The difference is they are using more than one station. The fact that they have to go to a political group to get money shows how difficult it is for minorities (blacks, women, Hispanics) to develop the contacts necessary to attract large amounts of money. Byron Allen is a celebrity, so he has a few contacts that have helped. I guess Tavis was hoping he could do the same.
 
Byron " I am going to sue you because you don't advertise to blacks" Allen?

Byron " I bought the Weather Channel, an obsolete cable channel" Allen?

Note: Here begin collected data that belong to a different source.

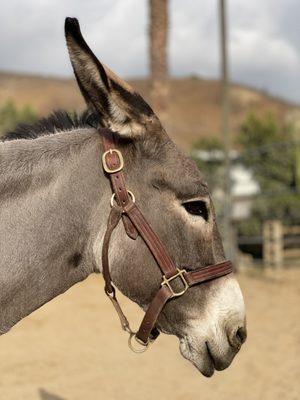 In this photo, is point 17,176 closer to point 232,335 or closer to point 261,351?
point 232,335

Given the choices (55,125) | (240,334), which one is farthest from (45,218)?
(240,334)

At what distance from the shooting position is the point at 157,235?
2826 millimetres

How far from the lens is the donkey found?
2.70 metres

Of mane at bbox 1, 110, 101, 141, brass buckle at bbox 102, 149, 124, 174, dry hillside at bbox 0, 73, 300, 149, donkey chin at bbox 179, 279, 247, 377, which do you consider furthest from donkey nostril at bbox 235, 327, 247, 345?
dry hillside at bbox 0, 73, 300, 149

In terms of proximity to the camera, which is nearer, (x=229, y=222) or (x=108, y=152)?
(x=108, y=152)

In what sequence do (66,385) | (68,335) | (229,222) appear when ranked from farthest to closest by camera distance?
1. (229,222)
2. (68,335)
3. (66,385)

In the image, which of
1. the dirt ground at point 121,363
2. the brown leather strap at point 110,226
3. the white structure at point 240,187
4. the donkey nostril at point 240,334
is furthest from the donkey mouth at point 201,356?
the white structure at point 240,187

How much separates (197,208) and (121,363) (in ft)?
16.7

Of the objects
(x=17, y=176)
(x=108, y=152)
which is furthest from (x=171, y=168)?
(x=17, y=176)

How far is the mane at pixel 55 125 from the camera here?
3.08m

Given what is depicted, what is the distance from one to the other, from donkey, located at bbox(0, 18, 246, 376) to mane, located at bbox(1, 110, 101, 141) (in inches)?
3.4

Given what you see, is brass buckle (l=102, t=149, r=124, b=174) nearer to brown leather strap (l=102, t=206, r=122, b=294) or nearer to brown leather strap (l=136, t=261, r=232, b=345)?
brown leather strap (l=102, t=206, r=122, b=294)

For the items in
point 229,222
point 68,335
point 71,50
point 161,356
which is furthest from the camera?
point 229,222

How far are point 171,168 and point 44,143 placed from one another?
0.62 meters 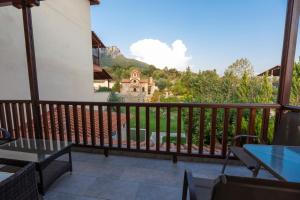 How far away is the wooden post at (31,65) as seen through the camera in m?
2.65

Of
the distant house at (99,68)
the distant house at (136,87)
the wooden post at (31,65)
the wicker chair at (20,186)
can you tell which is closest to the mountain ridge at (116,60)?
the distant house at (99,68)

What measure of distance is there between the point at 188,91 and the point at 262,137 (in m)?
10.5

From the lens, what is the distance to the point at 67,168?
2201mm

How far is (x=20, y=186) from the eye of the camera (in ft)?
2.83

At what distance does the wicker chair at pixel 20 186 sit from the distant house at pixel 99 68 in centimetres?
968

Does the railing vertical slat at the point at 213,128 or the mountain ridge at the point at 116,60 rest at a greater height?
the mountain ridge at the point at 116,60

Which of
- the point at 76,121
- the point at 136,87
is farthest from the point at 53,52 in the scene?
the point at 136,87

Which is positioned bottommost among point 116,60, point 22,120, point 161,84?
point 22,120

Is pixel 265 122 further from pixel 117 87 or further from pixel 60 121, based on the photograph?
pixel 117 87

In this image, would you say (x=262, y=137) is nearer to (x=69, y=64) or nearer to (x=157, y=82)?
(x=69, y=64)

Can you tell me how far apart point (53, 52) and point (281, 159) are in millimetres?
6467

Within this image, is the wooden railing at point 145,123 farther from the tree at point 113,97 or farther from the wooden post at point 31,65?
the tree at point 113,97

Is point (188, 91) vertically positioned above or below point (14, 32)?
below

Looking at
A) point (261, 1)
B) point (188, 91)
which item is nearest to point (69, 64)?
point (188, 91) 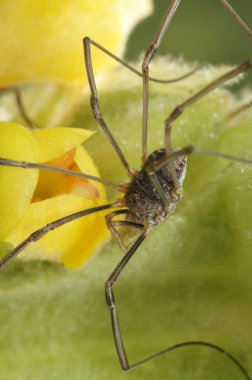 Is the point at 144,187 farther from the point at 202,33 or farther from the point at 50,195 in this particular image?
the point at 202,33

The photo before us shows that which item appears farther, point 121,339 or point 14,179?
point 121,339

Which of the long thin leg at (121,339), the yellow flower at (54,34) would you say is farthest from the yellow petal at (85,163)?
the yellow flower at (54,34)

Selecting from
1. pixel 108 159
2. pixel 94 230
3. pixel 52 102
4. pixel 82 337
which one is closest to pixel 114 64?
pixel 52 102

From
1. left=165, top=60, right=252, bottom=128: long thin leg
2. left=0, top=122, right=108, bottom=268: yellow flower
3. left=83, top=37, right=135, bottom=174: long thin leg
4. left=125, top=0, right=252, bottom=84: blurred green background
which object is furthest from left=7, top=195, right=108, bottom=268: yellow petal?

If you asked 1000 people who Travis Smiley or Byron Allen were you might get 50 to 100 that have heard of them
 
so lets assume, not including sales people or himself, hes got 5 full time employees and pays them a modest wage for LA.. im just guessing here.. $75,000

He pays himself double

He has a few sales people

utilities, internet, music licensing, website stuff, rent for office space, lease hes paying MRBI till the sale closes or hes tossed out

Thats $750,000 a month minimum its costing him... unless some of the hosts are contractors and they get to sel lads and keep a higher percentage

either way, i dont see him getting out of this for less then $500,000 a month
 
The difference is they are using more than one station. The fact that they have to go to a political group to get money shows how difficult it is for minorities (blacks, women, Hispanics) to develop the contacts necessary to attract large amounts of money. Byron Allen is a celebrity, so he has a few contacts that have helped. I guess Tavis was hoping he could do the same.

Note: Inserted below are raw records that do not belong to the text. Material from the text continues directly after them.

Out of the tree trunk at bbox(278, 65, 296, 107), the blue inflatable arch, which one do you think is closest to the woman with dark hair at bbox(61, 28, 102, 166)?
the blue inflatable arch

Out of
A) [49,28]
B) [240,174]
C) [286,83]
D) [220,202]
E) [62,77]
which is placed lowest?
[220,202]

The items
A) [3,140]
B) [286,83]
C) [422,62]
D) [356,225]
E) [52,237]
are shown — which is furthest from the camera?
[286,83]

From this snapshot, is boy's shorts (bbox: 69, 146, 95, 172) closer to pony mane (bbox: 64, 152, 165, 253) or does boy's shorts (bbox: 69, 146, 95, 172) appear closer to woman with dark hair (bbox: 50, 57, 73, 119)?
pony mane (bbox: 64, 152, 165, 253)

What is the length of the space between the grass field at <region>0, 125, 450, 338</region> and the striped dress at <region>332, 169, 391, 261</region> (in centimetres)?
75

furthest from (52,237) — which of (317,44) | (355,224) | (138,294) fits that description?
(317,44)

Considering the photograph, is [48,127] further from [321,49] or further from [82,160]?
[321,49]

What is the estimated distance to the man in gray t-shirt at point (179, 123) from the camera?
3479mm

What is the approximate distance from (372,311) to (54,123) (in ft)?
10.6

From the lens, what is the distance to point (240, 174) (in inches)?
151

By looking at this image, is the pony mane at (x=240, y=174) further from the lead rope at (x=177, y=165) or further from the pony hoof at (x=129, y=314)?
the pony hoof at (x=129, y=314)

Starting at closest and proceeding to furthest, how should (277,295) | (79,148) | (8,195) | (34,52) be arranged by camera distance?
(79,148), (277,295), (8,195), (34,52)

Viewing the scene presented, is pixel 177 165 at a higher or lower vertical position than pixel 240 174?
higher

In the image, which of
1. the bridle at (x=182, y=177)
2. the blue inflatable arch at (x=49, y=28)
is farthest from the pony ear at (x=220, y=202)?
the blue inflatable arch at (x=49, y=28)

ive long wondered if Tavis case of trying to buy and operate KBLA is akin to Jack Narz back when he got blackbaleld after the $64,000 question... he bought a radio station to prove he was fit to work again.. maybe tavis is using this as leverage in the future after who was it.. NPR axed him.. so when he goes to a future employer... he can show he was fit enough to be a licensee, so they shoudl hire him?
 
either way, i dont see him getting out of this for less then $500,000 a month

I think Hughley is donating his time. The mid-day(crypto) shows may be infomercials. That may be his main source of revenue.

He's asking listeners for contributions. He may be running it as a non-profit.

so when he goes to a future employer... he can show he was fit enough to be a licensee, so they shoudl hire him?

My original thought was he bought the station to attract BIN and iHeart as a programming client. When that didn't happen, I ran out of ideas. So I'm watching with my popcorn just like everyone else. But I think the public broadcasting connection is broken.